I don't think so. There are 3 lines at GF3: one Model 3 and 2 Model Y lines. Recently capacity was announced as 800/day 3s and 1,000/day Ys. I'd expect that to trend toward 800+1,600 as the 2nd Y line was just brought up about 6 weeks ago.

Further, I expect Tesla will continue to localize the supply chain thus increasing gross margin per vehicle, on top of any effects from increases in production.

But that's not the big driver going forward at Giga Shanghai: Phase 3 will push production numbers to new highs for the next several years. WuWa video GF3.3 Sep 24 2021 Detail

GF3.Phase3.Detail.2021-09-24.0-40.jpgGF3.Phase3.Detail.2021-09-24.7-19.jpg

How do you say "Model 2" in Chinese? ;)

Cheers!
 
Did you get the update and the button before subscribing?

Two cars with FSD got the button simultaneously.

Car with HW3 but basic AP got no software update.

I subbed that car yesterday so waiting for the button there.

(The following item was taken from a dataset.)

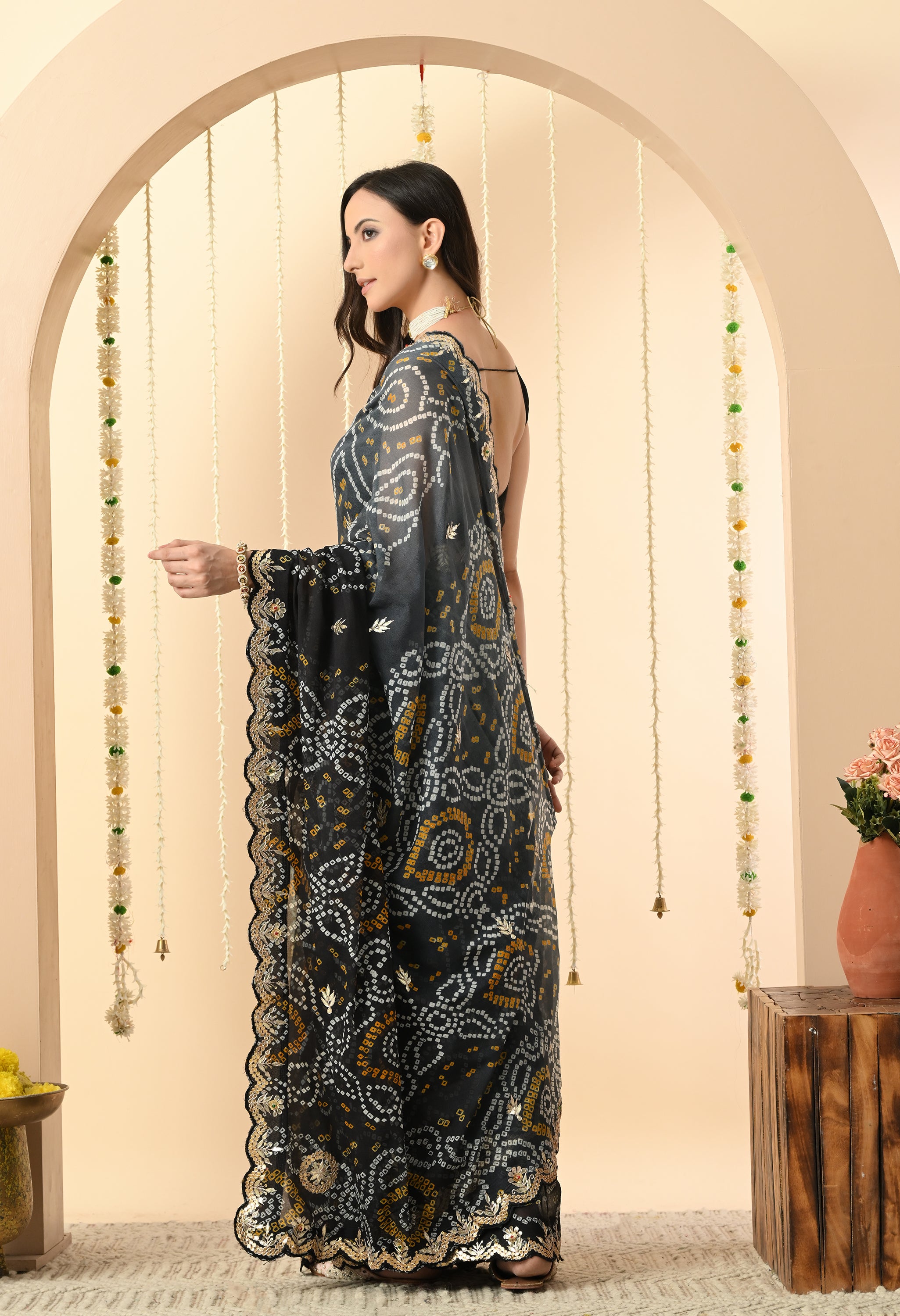 A woman is pictured from the back, showcasing the full drape and intricate design of a black georgette saree from The Weavers Shop by Raavi. This handcrafted Rajasthani Bandhani saree, perfect for a festive event or a classy evening party, features traditional white and yellow tie-dye patterns and is detailed with a gold Gota Patti scalloped border. She is styled with a sleeveless black blouse and a white pearl choker, standing against a neutral-toned archway decorated with jasmine garlands.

It would benefit Tesla at some point to make an announcement that FSD beta is now available on car dashboards for those who buy FSD via fully paid or a sub. Here’s the link for 10k or 200/month..
 
I don't think so. There are 3 lines at GF3: one Model 3 and 2 Model Y lines. Recently capacity was announced as 800/day 3s and 1,000/day Ys. I'd expect that to trend toward 800+1,600 as the 2nd Y line was just brought up about 6 weeks ago.
It will be really interesting to see the 'Installed Annual Capacity' table in the Q3 ER. Perhaps Shanghai could go from >450,000 to something like 800,000 :)
 
Just like to point out that your statistics appear to based on deaths per mile travelled and that due to the energy absorption of Tesla's vehicles with large crumple zones, strong passenger compartments, etc., avoiding deaths is largely a function of following the speed limit and avoiding head-on collisions. Even the few battery fires we have seen in recent years were almost always the result of high-speed driving.

The bottom line is that the deaths/miles travelled should be a fairly easily metric for Tesla to master in the near future. I'm not saying FSD is easy, merely that it's pretty hard to die in a Tesla. From a objective perspective it would seem the number of injury crashes would be a more telling metric than number of deaths.
Agree. In earlier posts I discussed crashes with injuries as a better metric from which to extrapolate to deaths. Your point supports the contention that Tesla is likely to have a lower ratio of fatal crashes to crashes with injuries. As injuries are about 80 times more frequent than deaths, it takes much less driving data to show significantly lower injury rates vs average than lower fatality rates. But you have to have a credible case for why lower injuries actually means lower fatalities as well.